Patents – Applications, Opinions & Challenges
Protecting inventions is an art form, and you get what you pay for with a patent application. Lower tier attorneys can obtain patents cheaply, but with weak claims that may be evaded by competitors. Unfortunately, a layperson isn’t likely to be able to recognize the weaknesses in pending or issued patent claims. Seeking the appropriate degree of patent protection is a matter of balancing costs against benefits based on the circumstances. A patent attorney does not uphold the legal duties to a client well by applying a one-size-fits-all fee formula based only on the type of subject matter an invention involves. It is important to use your resources effectively, and not file an application if the likely cost to benefit ratio doesn’t warrant it. I turn away most prospective clients in the half-hour to hour initial interview (which is free), based upon likely subject matter ineligibility, prior art that’s too close, or other reasons. Resources should be directed to other business objectives in these cases.
Some amount of prior art searching usually will be done in the process of preparing a patent application (included in the fees noted in the next paragraph), but not enough to independently provide much confidence in the lack of relevant prior art. If more prior art searching is desired, an appropriate search firm is usually enlisted and will work on a flat fee basis (usually $300 to $750 unless specific literature is to be searched). About an hour of attorney time is then needed to review and explain the search results for the client.
Preparing and filing a patent application is usually done for a flat fee determined by the complexity of the subject matter, any known prior art difficulties, and the client’s needs. My flat fees usually run from $4,000 to $8,000, plus there are Patent Office fees (typically under $1,000 for an individual or small business), and often professional drawings are needed ($250 to $750 for reasonable subject matter and number of drawings). Subsequent work, typically on the order of half the initial costs, is then needed to prosecute the application.
Where useful, one or more design patent applications may be filed on a product as well, typically for a flat fee based on the complexity of the drawings, prior art issues, and how many distinct product variations there are.
A provisional patent application may be appropriate, however, my philosophy is that provisionals should be as complete as possible including a well thought-out set of claims. In my experience, clients who have had provisional applications filed by other attorneys on the cheap have been harmed by doing so, with a false sense of security that the provisional was adequate to support the claims of a subsequent proper application. That is worse than a waste of money.

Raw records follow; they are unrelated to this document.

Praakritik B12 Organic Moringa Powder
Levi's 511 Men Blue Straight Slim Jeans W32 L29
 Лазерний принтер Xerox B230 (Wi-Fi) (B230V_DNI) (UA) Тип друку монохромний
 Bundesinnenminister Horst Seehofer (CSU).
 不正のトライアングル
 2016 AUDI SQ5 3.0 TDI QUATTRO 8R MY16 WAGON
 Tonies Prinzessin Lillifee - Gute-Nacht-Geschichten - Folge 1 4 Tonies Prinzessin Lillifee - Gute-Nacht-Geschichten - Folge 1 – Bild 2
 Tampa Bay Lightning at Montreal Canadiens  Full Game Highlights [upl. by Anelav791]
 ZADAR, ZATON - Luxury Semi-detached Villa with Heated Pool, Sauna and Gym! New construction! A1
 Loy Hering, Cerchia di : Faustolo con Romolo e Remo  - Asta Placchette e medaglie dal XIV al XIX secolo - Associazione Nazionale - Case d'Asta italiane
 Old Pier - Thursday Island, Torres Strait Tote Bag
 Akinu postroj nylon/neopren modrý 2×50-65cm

International (Patent Cooperation Treaty, or ‘PCT’) applications may also be filed if protection outside the U.S. is sought, and can be done on a flat fee basis as well. If it is known at the outset that a limited set of countries are of interest, those can be filed in directly without a PCT application. A network of diligent, effective, and reasonably-priced foreign associates is used for the foreign filings.
If you think some aspect of your product or service might be patented, an opinion from a seasoned patent attorney can provide critical go/no-go or design-around information. It can also help avoid the imposition of multiplied damages for infringement. I have extensive experience in authoring written opinions tackling complex, difficult cases. In cases where the issues are more clear-cut, a less formal opinion may be rendered inexpensively.
Similarly, if you’re considering initiating a Patent Office challenge against a third party’s patent, it may be desirable to obtain an opinion on validity or infringement of the patent. If the patent isn’t infringed or conversely there are no clear bases of invalidity, it may not be desirable to start such a costly proceeding.
If you’re considering suing a third party for infringement of a patent that you own, a second opinion from an outside patent attorney should help guide this critical decision. Litigating patents for many years left me with the view that litigators tend to prefer litigation over solutions that might better serve the client.
Anyone can challenge a patent on validity grounds, through an ex parte reexamination or an inter partes review (IPR). (There are other proceedings, but these are the most commonly used). While these proceedings are expensive, they require only a fraction of the cost and duration of litigation and may yield more favorable results for the challenger. A registered patent attorney skilled in challenging and defending patent validity is needed to handle these proceedings.